Loneliness. The deep, deep ache of feeling like you are completely and utterly alone.
There was a season of my life when I has haunted by my own illusion of this solitude.
While I was surrounded by family and friends who loved me and were for me, they could never understand what I had to endure each moment of every day.
I felt the pain as my back slowly began to hunch over from the months that I had spent in bed, watching Netflix (when I could), staining my pillow with tears, wallowing in the misery of my suffering.
I would wake up each morning with a migraine, fight each minute just to get through, sit through countless doctors appointments/treatments, and argue with my loved ones that I truly was not feeling any better, even though we were all still in denial.
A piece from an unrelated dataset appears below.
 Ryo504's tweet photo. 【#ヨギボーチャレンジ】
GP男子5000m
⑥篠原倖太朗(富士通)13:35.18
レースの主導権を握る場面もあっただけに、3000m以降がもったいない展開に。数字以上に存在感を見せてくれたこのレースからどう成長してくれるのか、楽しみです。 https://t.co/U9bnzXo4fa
All I could ask myself (and plead with God) was why no one else could possibly understand. I lived alongside of others in what felt like complete isolation.
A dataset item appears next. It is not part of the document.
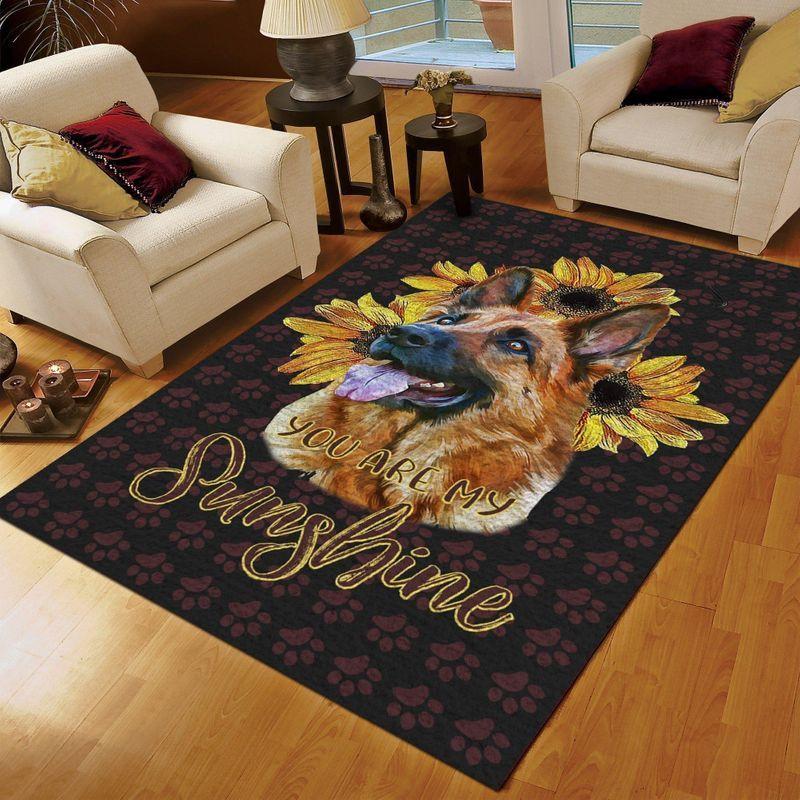 Germ Suns Rectangle Rug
Anyone else ever been there? Maybe you feel like no one else can possibly comprehend what you are going through.
The problem is when we put all of our hope into the possibility that one day one of our loved ones will fully understand how much we have hurt.
We are dying for someone, anyone to know what we have been through… detail for detail. It was crushing to my people when I did this to them, and this misplaced hope was nearly crushing to me as well.
You have to understand that no human mind can fully grasp this.
But there is a God who sees you in those dark moments and whispers into your heart, “I see you. I am here. I delight in you in these moments when you think that no one is watching.”
Our hope is that because Jesus put on skin and lived among us on earth, He understands loneliness and death and grief and pain and suffering. He not only has sympathy for us but empathy because He has walked where we walk.
The Lord also promises countless times never to leave us or forsake us. EVER.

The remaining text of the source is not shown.